The defence industry's usual tailwinds have abruptly reversed direction for Renk. Its shares tumbled to €46.17 on Monday – a fresh 52-week trough that leaves the stock 48% below its October 2025 high of €88.73. The selloff was no isolated event: Rheinmetall plunged more than 11% on the same day, while Hensoldt and TKMS also suffered heavy losses. Bernstein Research triggered the rout by warning that peace negotiations around the Ukraine conflict could deflate a key valuation driver, and doubts have resurfaced about whether Germany's special defence fund will be fully deployed. Many institutional investors have rotated into defensive equities and commodity stocks, leaving the sector exposed.

Yet Renk’s operational scorecard tells an altogether different story. The order book has swollen to a record €6.9 billion, underpinned by a first quarter that saw new orders of €582 million – 6% more than a year earlier. The book-to-bill ratio hit 2.1, meaning the company is pulling in more than twice the business it is currently delivering. For a supplier with long project cycles, that visibility is unusually high. The strongest demand came from the military side: a Bundeswehr order for 188 gearboxes for the Puma infantry fighting vehicle, international main battle tank contracts worth around €157 million, and a US Army order for €49 million.

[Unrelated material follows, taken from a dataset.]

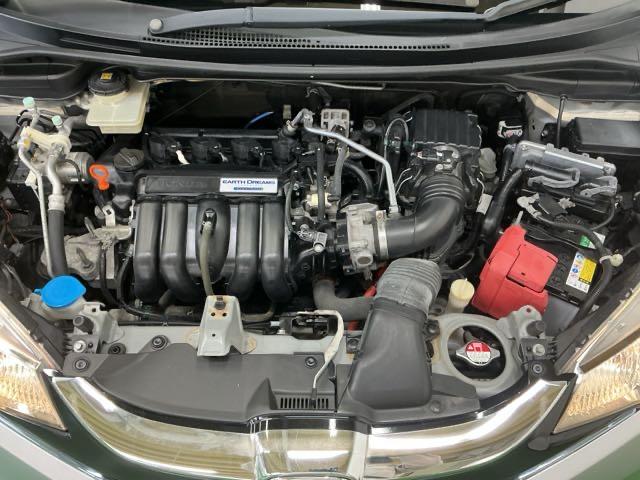 フィットハイブリッド Ｌパッケージ　ナビ　Ｒカメラ　ブルートゥース　フルセグ　サイドエアバック　ＤＶＤ再生　ＬＥＤ　ＥＣＯＮ　バックカメラ　オートクルーズコントロール　イモビライザー　ＥＴＣ　ＥＳＣ　ＡＵＴＯエアコン　ＡＢＳ　キーフリー（27枚目）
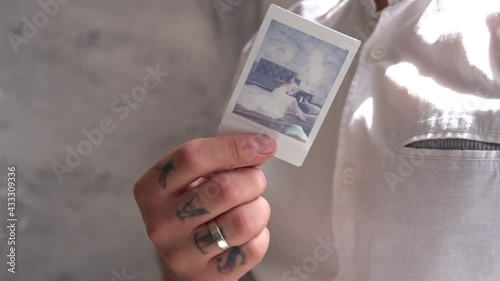 Hand Holding And Shaking The Polaroid Photo To Fastened The Drying Process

The financials for 2025 underscore the momentum. Revenue climbed roughly 20% to €1.37 billion, while order intake reached a record €1.57 billion. In the first quarter of 2026, revenue grew 4% to €283.6 million, adjusted EBIT came in at €42.4 million (a margin of 15%), and earnings per share jumped from €0.01 to €0.15. Management is guiding for full-year revenue above €1.5 billion in 2026 and adjusted EBIT between €255 million and €285 million – a target that JPMorgan believes is within easy reach, given that more than 90% of planned sales are already covered by firm contracts. JPMorgan rates the stock "Overweight" with a €75 price target, well above the average analyst target of €72.50, which still implies upside of roughly 57% from current levels.

Should investors sell immediately? Or is it worth buying Renk?

In the middle of the market storm, Renk’s supervisory board moved to reinforce stability. It extended CEO Alexander Sagel’s contract early by five years, locking him in until March 2032. Sagel, who took the helm in February 2025, has positioned the company firmly as a "defence company" and is responsible for executing the growth strategy. Board chairman Claus von Hermann stressed that reliable supply to the Bundeswehr and NATO partners remains critical. Several investment banks – Deutsche Bank, Jefferies, Berenberg and JPMorgan – continue to recommend the shares as a "Buy" or "Overweight".

The annual general meeting scheduled for June 10, 2026 will be the next corporate milestone. It is set to be held virtually again, and shareholders will vote on a proposed domination and profit transfer agreement between Renk Group AG and Renk GmbH – a move designed to tighten group control. The board also wants to elect Dr. Klaus Richter, a former Airbus and Diehl executive, to the supervisory board with the intention that he will then become chairman. Current chairman Claus von Hermann will step down at the end of the meeting.

Technically, the stock looks severely oversold. The relative strength index stands at 83.5, and the shares have lost nearly 15% in just seven trading days. Whether the second-quarter results, due on August 6, 2026, can arrest the slide will likely depend on how the political debate around European defence budgets evolves in the meantime. For now, Renk’s operational milestones and management continuity are simply not enough to outweigh the market’s shifting priorities.